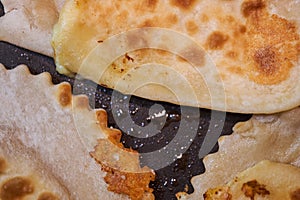 Frying chebureks in oil on a frying pan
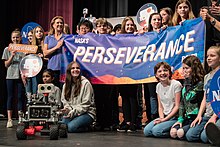 Cerca de vinte alunos finalistas do ensino fundamental estão de pé em um palco, todos sorrindo, e segurando uma faixa que diz "Rover de perseverança da NASA". Na frente deles, no palco, está um veículo espacial em miniatura.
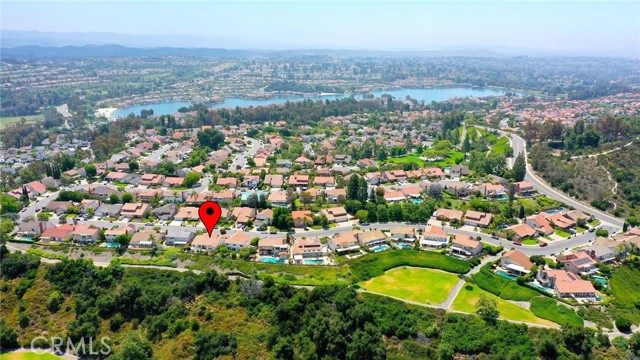 Just a stone's throw from the sparkling waters of Lake Mission Viejo, this home offers quick and easy access to a quiet greenbelt and nearby Minaya Park. Imagine being able to stroll over in mere seconds to enjoy the lush greenery and outdoor fun! The lake is less than five minutes away.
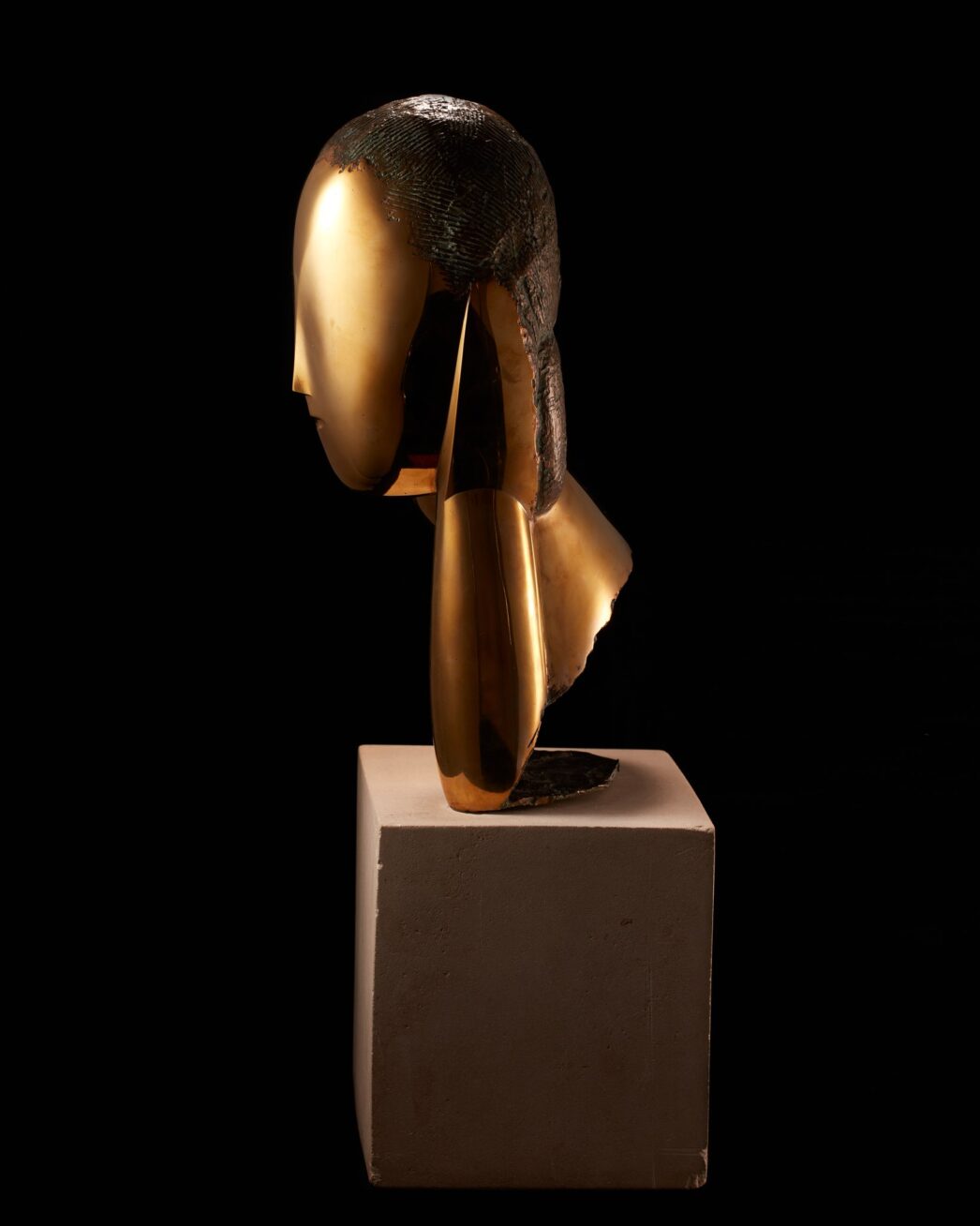 Image description: Muse, Constantin Brancusi, bronze on limestone base, 19 1/2 x 10 x 5 inches. A smooth, bronze, stylized bust of a woman’s head, elongated neck and shoulder. Front view: The woman’s egg-shaped head is smooth except for a raised V shape in the center representing the brow and finishing in a delicate nose. A small mouth is the only other feature on the face. Hair is suggested with rough, textured lines incised into the crown of the head. This texture appears darker than the glossy golden bronze face. A long neck extends from the head at left and is attached to a sloping shoulder. At right, the head seems to rest on a hand and forearm that extends to join the shoulder. The bottom edge of the sculpture has a rough and unfinished appearance. The bust rests on a gray cube of limestone that is juts a bit wider than the sculpture and about half as high. Left profile view: A smooth egg-shaped head smooth except for a small nose at the lower third of the profile. An simple C shaped ear is positioned below the textured hair. A gracefully shaped neck extends forward from a wedge-shaped shoulder. The bronze material folds back on itself, exposing rough edges, to rest on the base. Rear view: The textured hair appears to lengthen past the shoulder area ending in a blunt point. The sculpture’s shoulders fan out into a cone like structure that opens at an angle to expose the unpolished bronze inside. Right profile view: The hand and forearm shapes are visible from this view represented by simple elongated oval shape, a crease at the wrist giving definition to the two parts.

_ _ _ _ _

* Work instructions
Skip the pictures, please, and transcribe only the lines from the beginning of the material through the one that contains "Just a stone's".

* Response to the task
 Frying chebureks in oil on a frying pan
 Cerca de vinte alunos finalistas do ensino fundamental estão de pé em um palco, todos sorrindo, e segurando uma faixa que diz "Rover de perseverança da NASA". Na frente deles, no palco, está um veículo espacial em miniatura.
 Just a stone's throw from the sparkling waters of Lake Mission Viejo, this home offers quick and easy access to a quiet greenbelt and nearby Minaya Park. Imagine being able to stroll over in mere seconds to enjoy the lush greenery and outdoor fun! The lake is less than five minutes away.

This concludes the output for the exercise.